Vision Backbone (Image Encoder)

The vision backbone is based on the SAM2 MAE-pretrained Vision Transformer (ViT) adapted to high-resolution inputs. For the Hiera-L SAM2 configuration, this comprises a frozen image encoder $E_{img}$ that outputs a feature map $$z_{img} = E_{img}(I) \in \mathbb{R}^{H' \times W' \times D_{img}}$$ with $D_{img}=1,024$ and $H', W' \approx 1/16$ of the input spatial dimensions. All weights in this module remain fixed during training.

Language Encoder (Prompt Encoder)

ConverSeg-Net employs Qwen2.5-VL-3B, a 3 billion parameter transformer, that jointly attends to both the image and text prompt via cross-modal transformer layers. Only the text-token hidden states $\{h_1,\ldots,h_T\}$ and the EOS hidden state $h_{EOS} \in \mathbb{R}^{D_t}$, with $D_t=2,048$, are extracted for further processing. To facilitate adaptation to the segmentation task, Qwen is fine-tuned via LoRA applied to the Q/K/V projections (rank $r=16$, scaling $\alpha=32$), while the original pre-trained weights remain unchanged.
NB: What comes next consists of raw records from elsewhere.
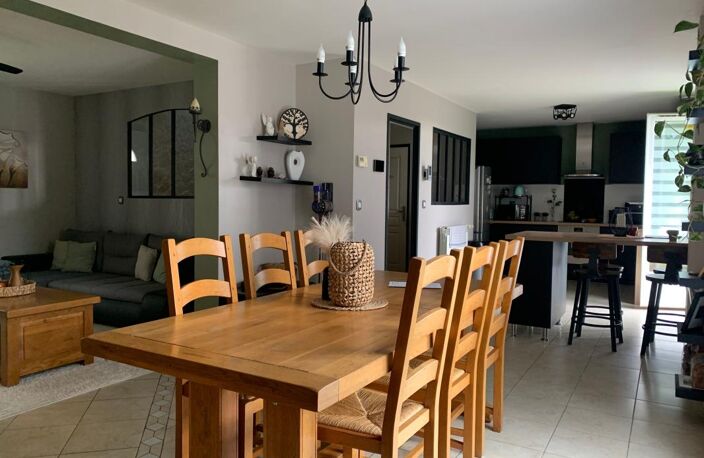 Maison À Vendre — photo 4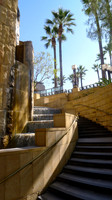 East Portal, LA Union Station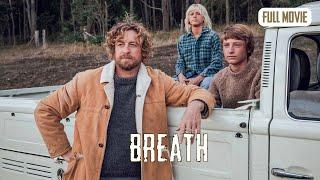 Breath | English Full Movie | Adventure Drama Romance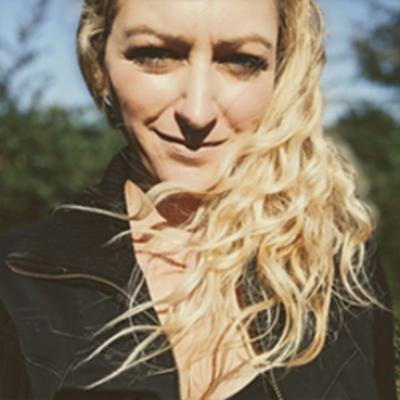 Jane Mcgonigal avatar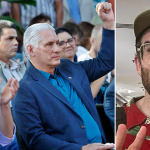 How a Rhodes Scholar with Cuban Ties Organized Hasan Piker's Havana Convoy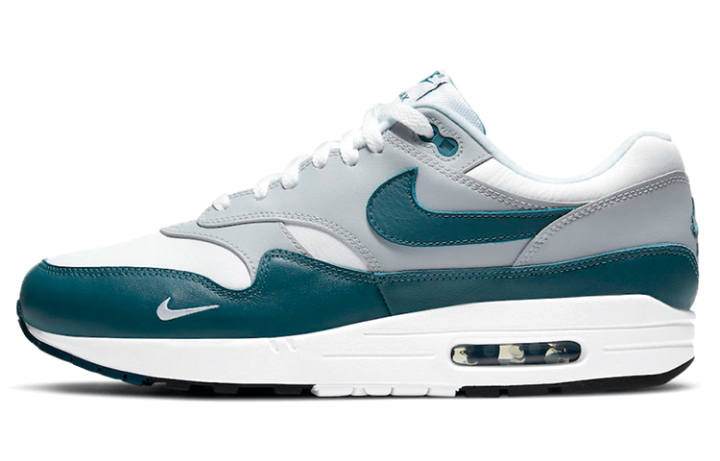 Nike Nike Air Max 1 Dark Teal Green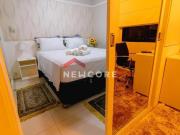 Flat em Alameda Lorena Jardim Paulista São Paulo/SP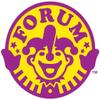 Forum Novelties Womens Prisoner Shackles Party Supplies, As Shown view 2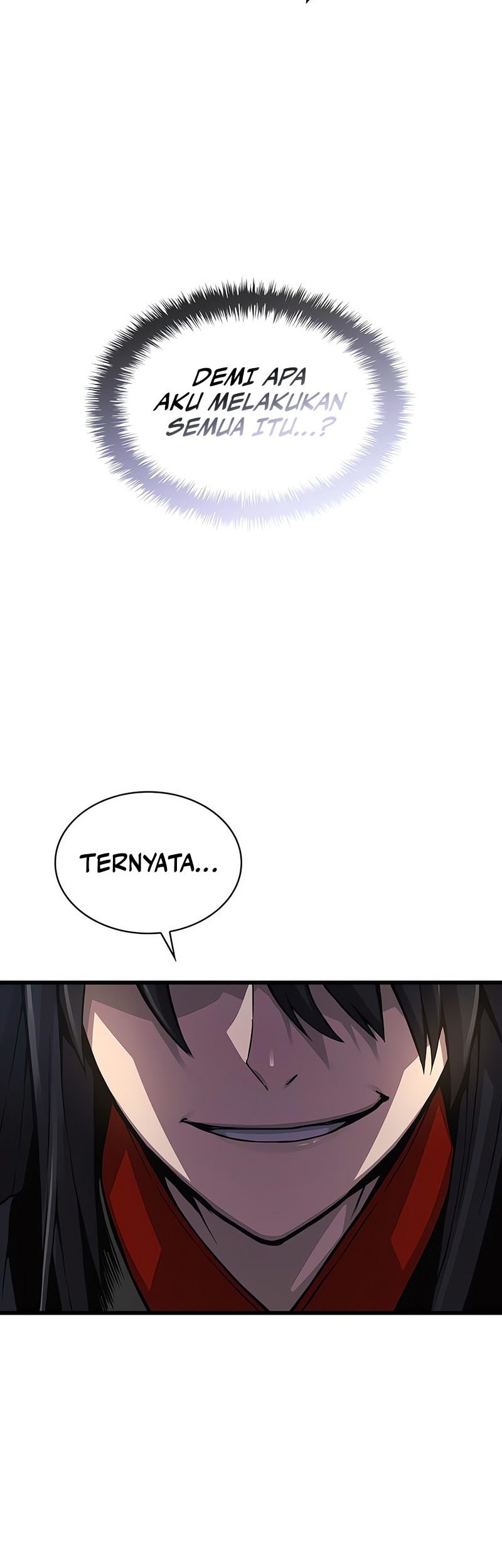 Myst, Might, Mayhem (Legend Of Heavenly Chaos Demon) Chapter 81 Gambar 53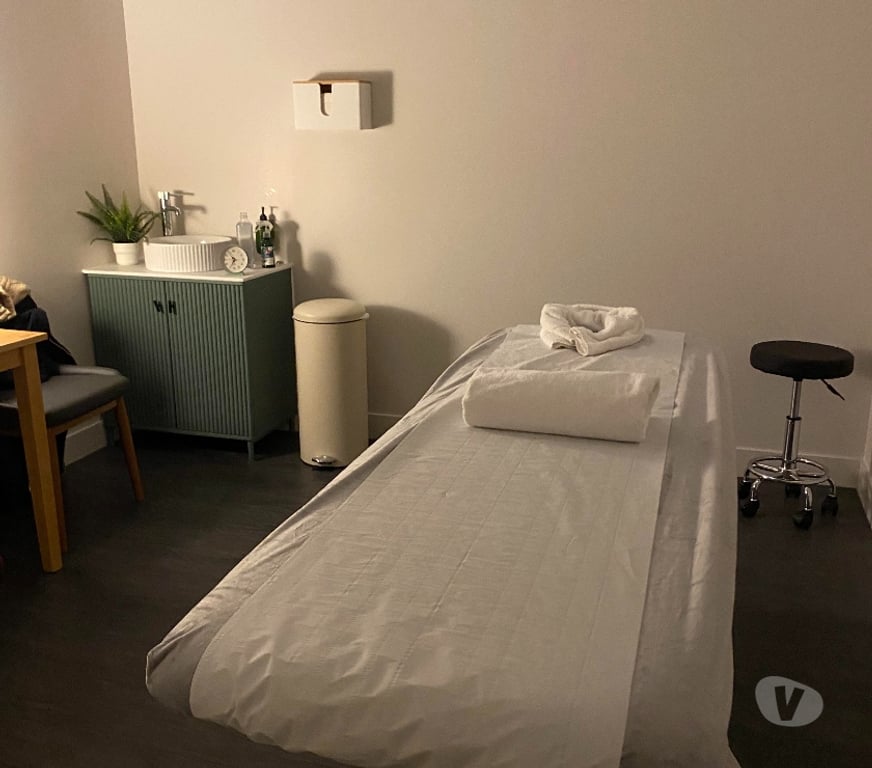 Full body massage East London Old Street Station - East London - Photos for Deep tissue & Relaxing massage in Shoreditch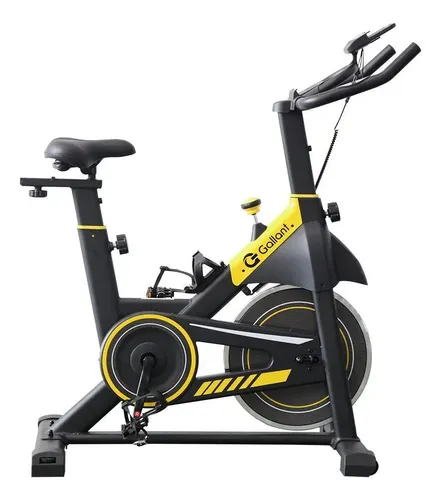Bicicleta de spinning Gallant Elite
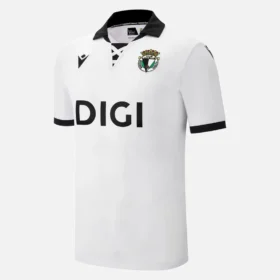 Burgos CF 2025/26 Adults’ Home Match Jersey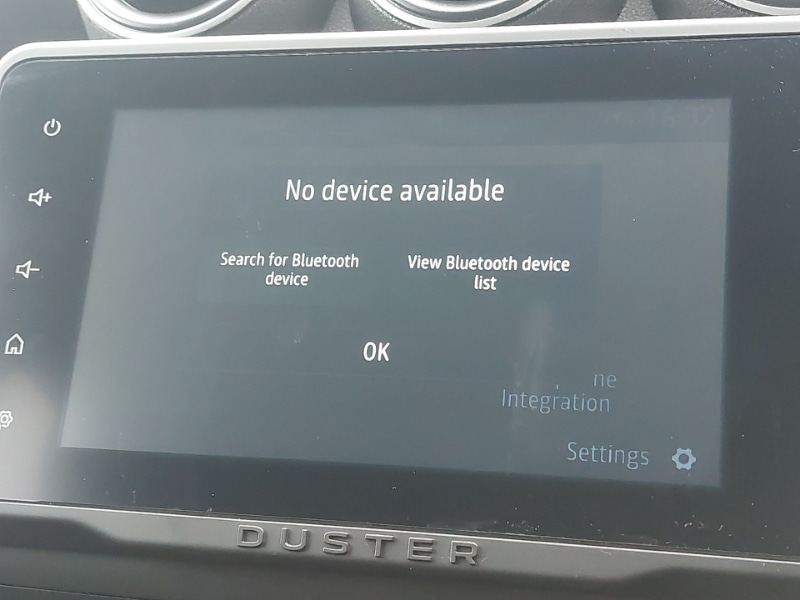 Used Dacia Duster 2023 for sale - 77896914: Photo 11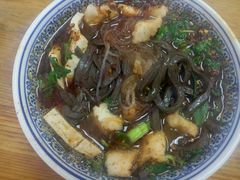 -东关赵记粉汤羊血(兴庆北路店)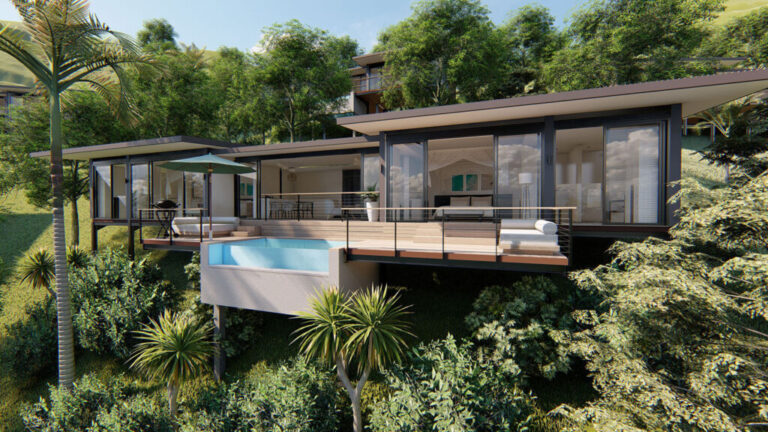 Luxury Villa Companies The Complete Guide to Exclusive Brands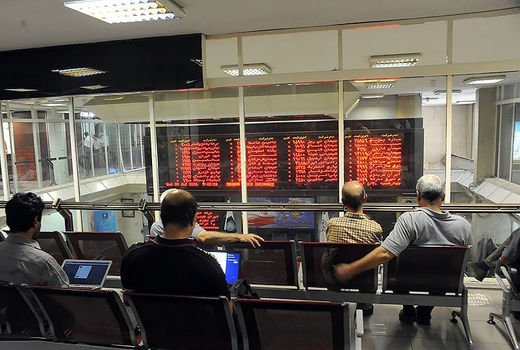 بسته ارزی بازار سهام را به دوره تنفس برد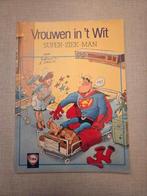 Vrouwen in 't Wit, 1997., Eén stripboek, Zo goed als nieuw, Bercovici; Cauvin, Ophalen of Verzenden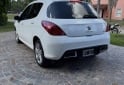 Autos - Peugeot 308 2014 Diesel 135000Km - En Venta
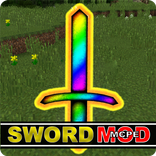Sword Mods MCPE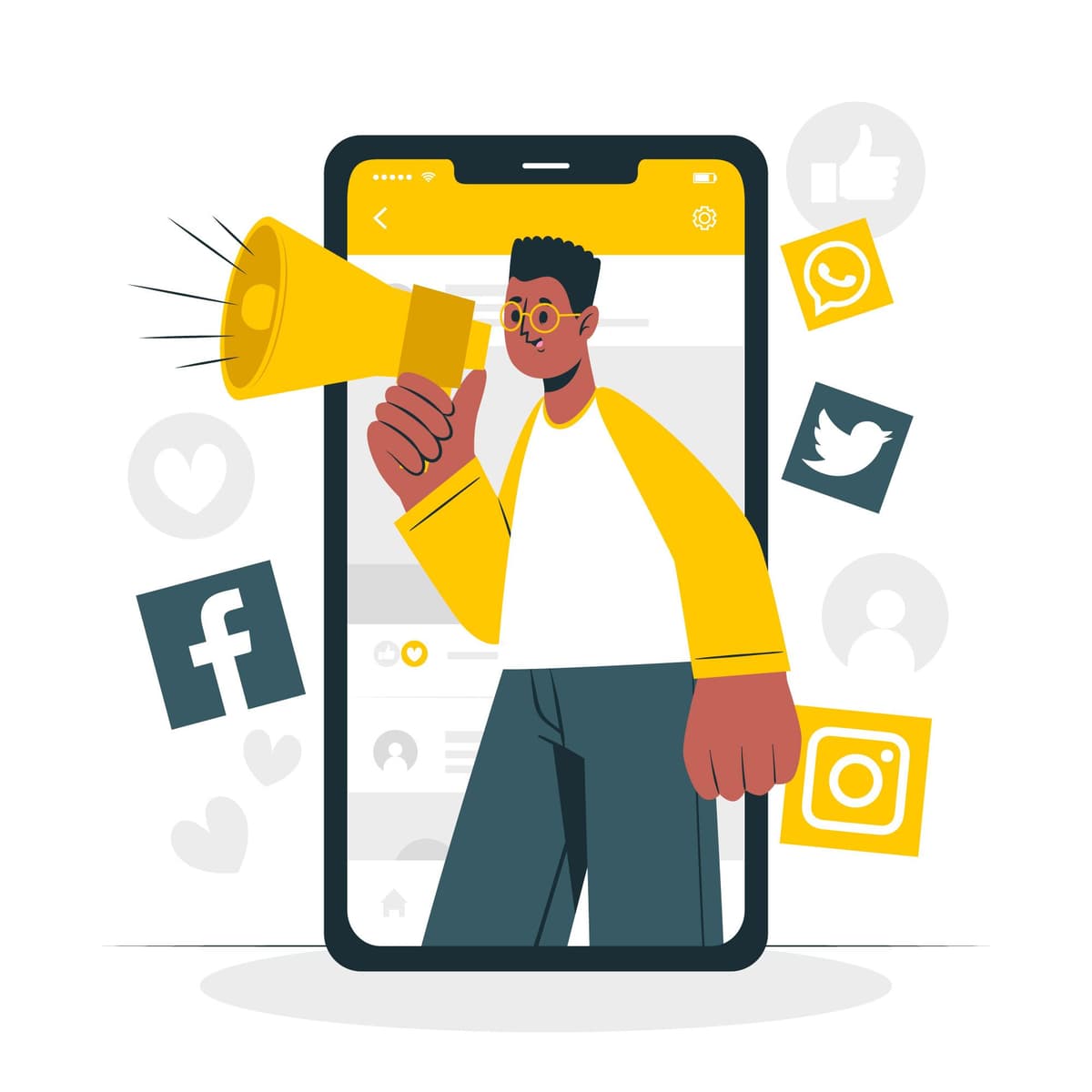 Digital Marketing Strategy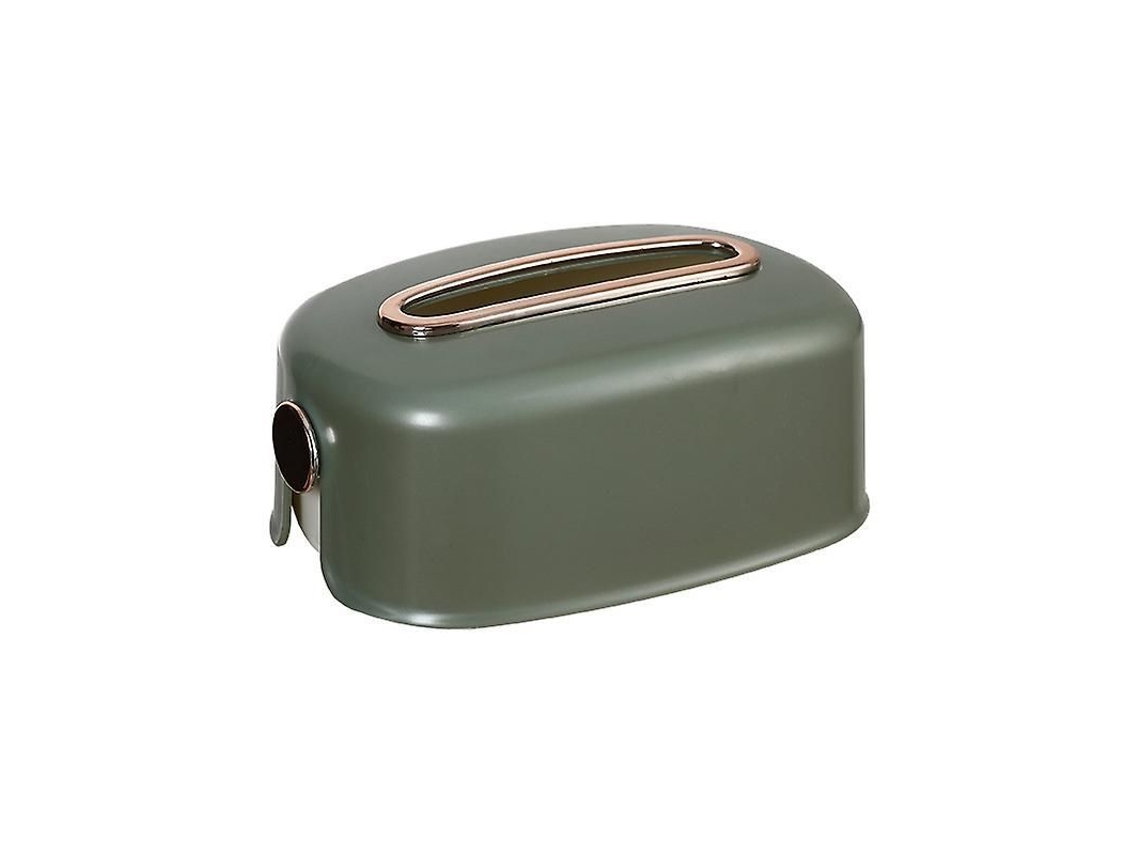 Suporte para Toalha Facial 2025, Design Moderno, Multifuncional, Material PP Ecológico, Ideal para Casa e Escritório
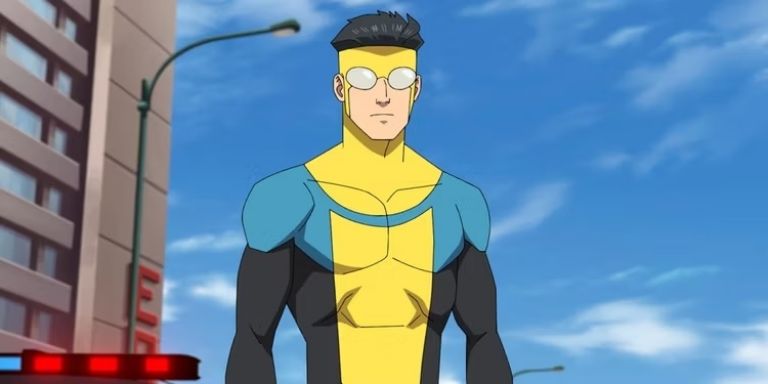 La temporada 2 de 'Invincible' finalmente regresa para la parte 2 este invierno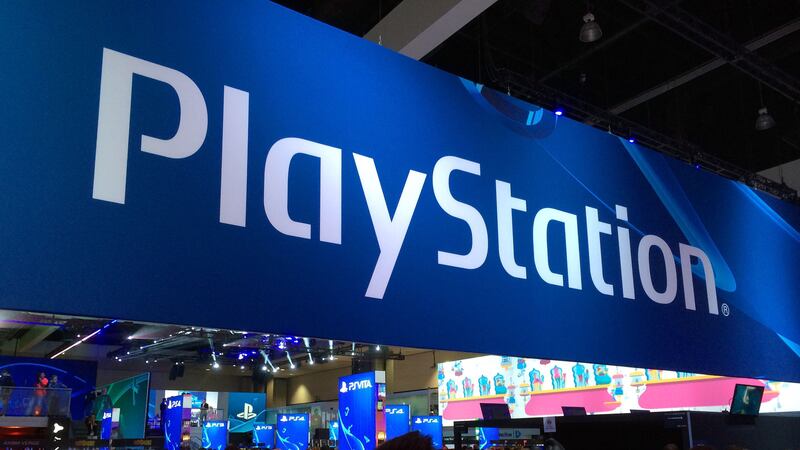 Sony executive Shawn Layden said the gaming giant was looking into the issue.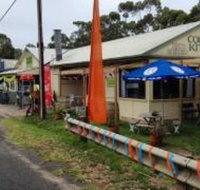 Inman Valley General Store and Country Kitchen - Tourism Cairns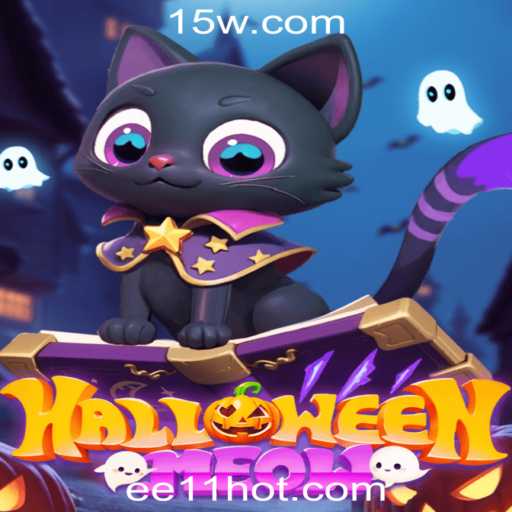 Explorando o Fascinante Mundo de HalloweenMeow: O Jogo do Ano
Cross-Modal Fusion Adapters

Two lightweight adapters bridge Qwen’s text space to the SAM2 mask decoder’s prompt space ($D_{dec}=1,024$):

• Sparse Adapter: Projects sequence of text hidden states to segmentation prompt space via a linear layer with LayerNorm:

$$e_{sparse} = \text{Linear}_{D_t \rightarrow D_{dec}}(\text{LayerNorm}([h_1; \ldots; h_T]))$$

• Dense Adapter: Maps the EOS hidden state through a 2-layer MLP (hidden size 2,048, SiLU activation, LayerNorm), broadcasting it spatially as a bias map:

$$e_{dense} = \text{MLP}_{D_t \rightarrow D_{dec}}(\text{LayerNorm}(h_{EOS}))$$

The resulting $e_{dense}$ is broadcast to $[D_{dec} \times H' \times W']$.

Segmentation Decoder

The SAM2 Hiera-L mask decoder, fully fine-tuned, comprises two stacked transformer blocks with bidirectional cross-attention between (i) flattened image feature tokens and (ii) prompt tokens ($e_{sparse}$) plus the dense bias map ($e_{dense\_map}$). The cross-attention follows standard multi-head attention schemes, with subsequent learned upsampling to $H \times W$ spatial resolution. A final $1 \times 1$ convolution maps the upsampled feature map to a probability mask $$M^* = \sigma(\text{Conv1x1}(\text{Upsample}(z_{final})))$$. No auxiliary classification or bounding-box heads are employed; the decoder is trained to directly predict the mask.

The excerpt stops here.